You could have shared objects that are just copy-on-write.
However, I'm not convinced that loading 10x copies of a javascript library is the "real memory hog." Even if each library is 10MB, that's only 100MB used. What machine can't afford 100MB? (Mobile devices can use optimization tricks for multiple tabs; as the usage pattern on mobile involves a lot less tab-switching, so it's okay if there's a bit more latency there).
chrome's executable is not SUID. Viol8 did not mention SUID, just that they believed chrome to require root in their original post
yeap! Anyone knows why Gello, the default browser for cyanogemod, cant block ADs?
What a polite post!
Is it just me to wonder why browser need gigabytes of memory just to display a webpage? They receive text, format it according to CSS rules, display relatively small sized images, and, yes, execute Javascript. Still, a HUGE webpage is still a tiny amount of data.

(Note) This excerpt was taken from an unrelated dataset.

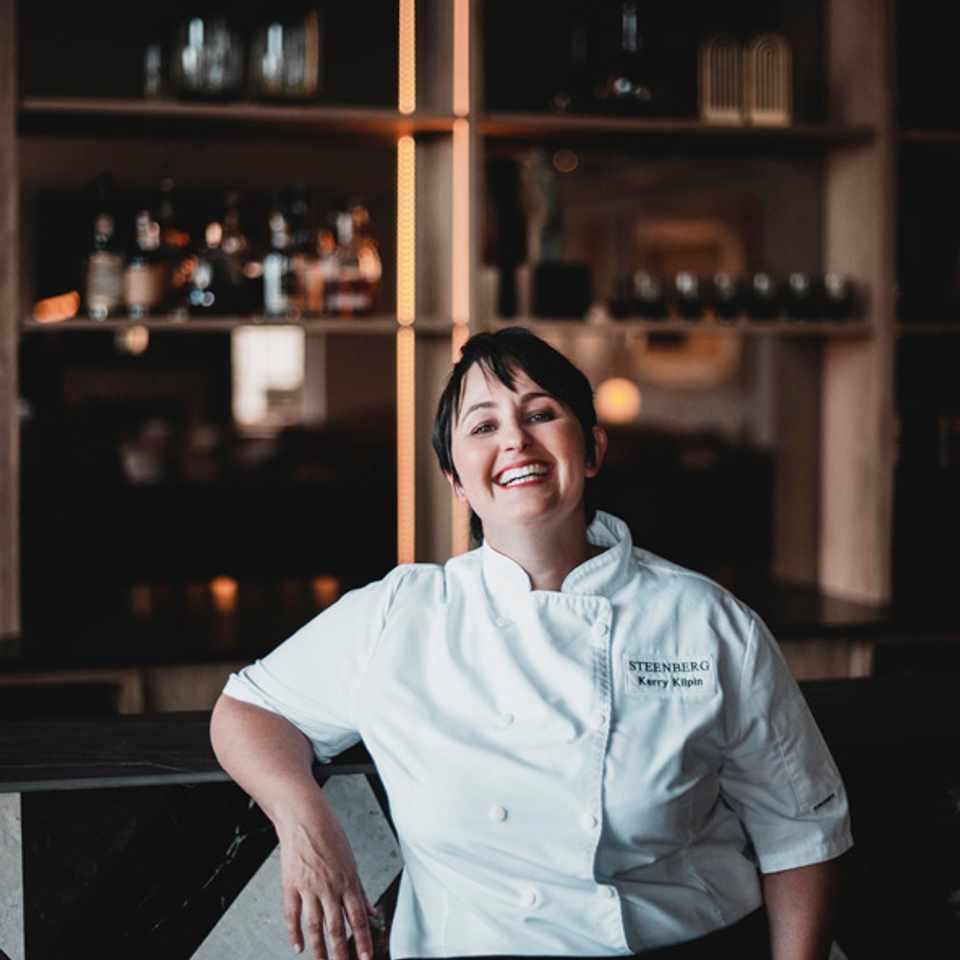 GLAMOUR South Africa tweet media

Considering that entire operating systems used to run comfortably on systems with 32MB of RAM in yesteryear, and could display all this media, it just astounds me that systems now require 4-8GB to provide a comfortable browsing experience.
Even if Chromes memory footprint has shrunk a little, i'm certain it still uses an obscene amount of RAM relative to what it actually does most the time.
Sure, but do you think that of those 12GB, a meaningful amount of memory is javascript libraries loaded more than once?